208209 Testing the Sensitivity of the New York University Emergency Department Algorithm to Detect Changes in Emergency Department Usage Patterns

Tuesday, November 10, 2009

Kari Jones, PhD , Quantitative Health Research, Inc., Elberton, GA
Reidar Hagtvedt, PhD , Department of Finance and Management Science, University of Alberta, Edmonton, AB, Canada
Hannah D. Paxton, RN, BSN , Community Health & Health Studies, Lehigh Valley Hospital, Allentown, PA
William Bond, MD , Division of Education, Lehigh Valley Health Network, Allentown, PA
Jeff Etchason, MD , Dept. of Community Health and Health Studies, Lehigh Valley Hospital and Health Network, Allentown, PA
Background/Purpose: The Emergency Department Algorithm (EDA) is a tool developed by New York University Center for Health and Public Service Research that uses administrative discharge data to categorize emergency department (ED) visits by need for emergent care. Our analysis explains why various EDA users have observed EDA-generated outputs that do not change significantly with significant changes in patient populations and/or conditions in the associated healthcare system.

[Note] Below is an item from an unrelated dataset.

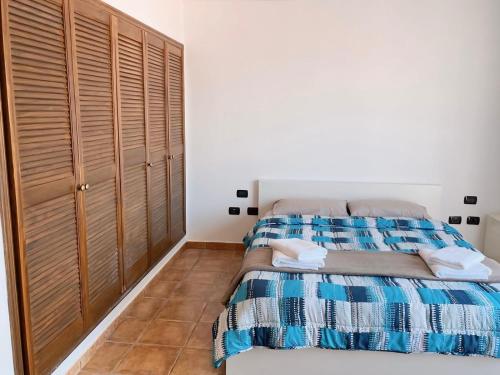 a bedroom with a bed and wooden cabinets at Villa MarySol in Sauzal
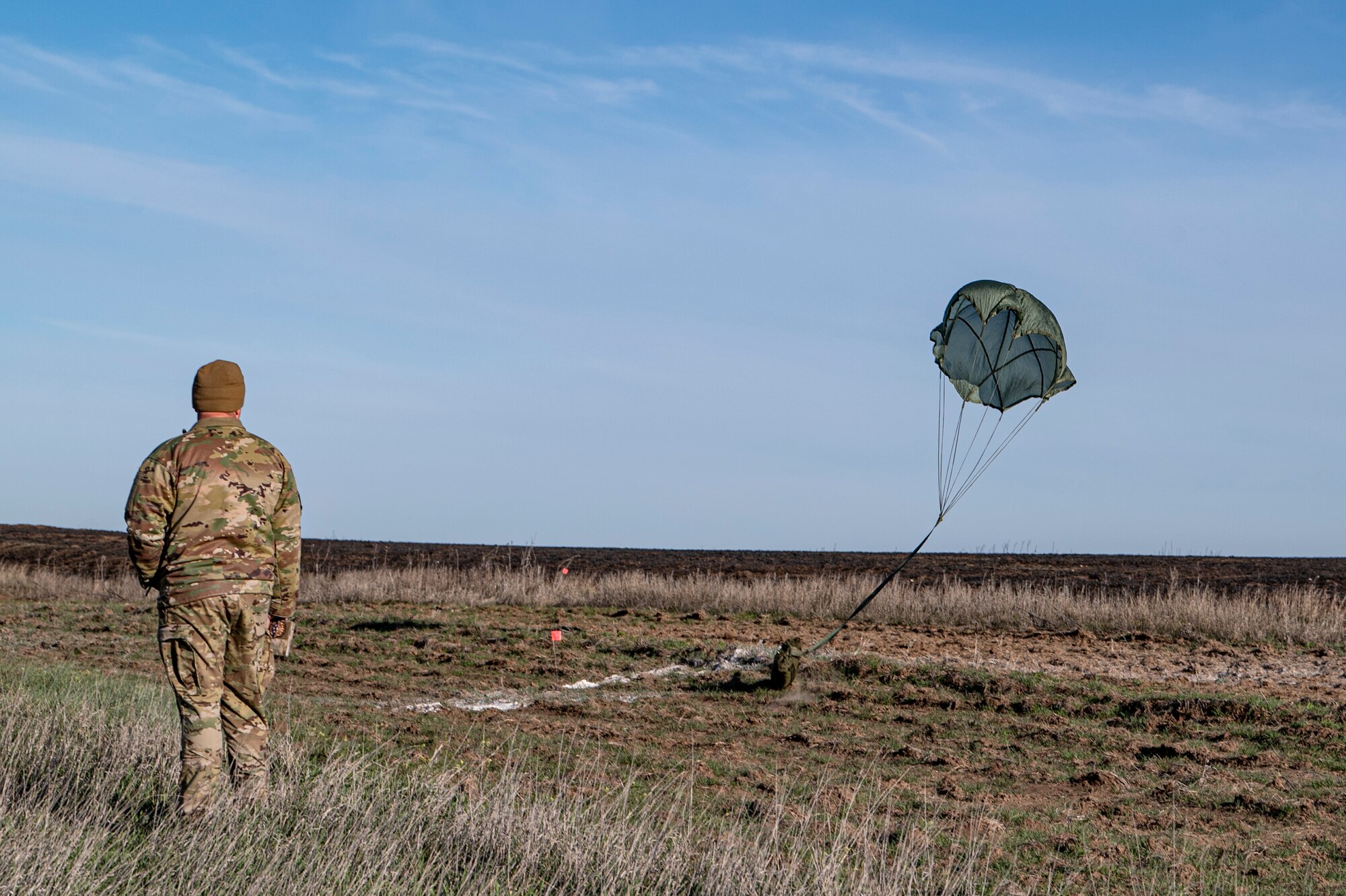 A U.S. Air Force rescue Airman assigned provides ground support for an aerial cargo drop at Smoky Hill Air National Guard Range, Kansas, March 26, 2024. The cargo drop was part of the Rescue Rodeo, a rescue training event and competition. Each team earned points in the competition based on how close the cargo landed to the ground target. (U.S. Air Force photo by Airman 1st Class Leonid Soubbotine)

Methods: Mathematical simulation was used to estimate EDA outcomes across all possible (hypothetical) patient populations; sensitivity analysis was used to demonstrate the changes in EDA outcomes for changes in a real-world baseline patient population. The baseline population consists of all ED cases from a community hospital's administrative database that did not result in inpatient admission and for which discharge ICD-9s (the input into the EDA) were available (n = 276,862). Results/Outcomes: The vast majority of possible EDA outputs do not differ significantly from one another. Thus, the vast majority of possible EDA outputs from the algorithm are so concentrated that they do not significantly differ even with significant changes to inputs to the algorithm. Using an actual patient population, the most extreme hypothetical increases in high-probability non-emergent, primary care treatable, or preventable visits would produce only a 9% decrease in EDA-estimated emergent cases. Conclusions: The EDA is being used nationally to assess ED usage; however, it is insufficiently sensitive to changes in ED use patterns to be of use to policymakers or hospital administrators in addressing possibly unnecessary ED use.

Learning Objectives:
Describe the Emergency Department Algorithm (EDA) developed at New York University for detecting changes in emergency department usage patterns. Discuss limitations in using the EDA for measuring changes in emergency department usage patterns.

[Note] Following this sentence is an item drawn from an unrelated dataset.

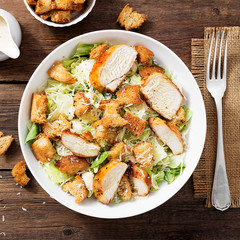 Classic caesar salad with grilled chicken fillet and parmesan cheese. top view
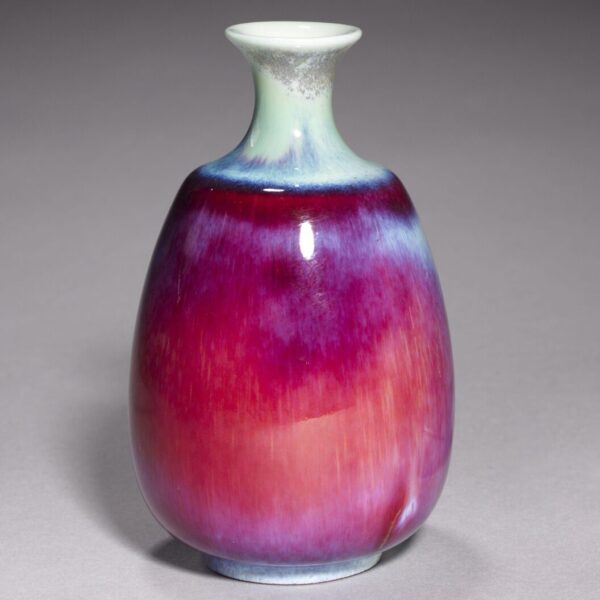 Small ceramic vase with a rounded body and narrow neck, glazed in gradients of deep purple, magenta, and blue against a gray background.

Keywords: Emergency Department/Room, Service Delivery

Presenting author's disclosure statement:

Qualified on the content I am responsible for because: I was involved in all steps of this project, including developing it into an APHA presentation.
Any relevant financial relationships? No

I agree to comply with the American Public Health Association Conflict of Interest and Commercial Support Guidelines, and to disclose to the participants any off-label or experimental uses of a commercial product or service discussed in my presentation.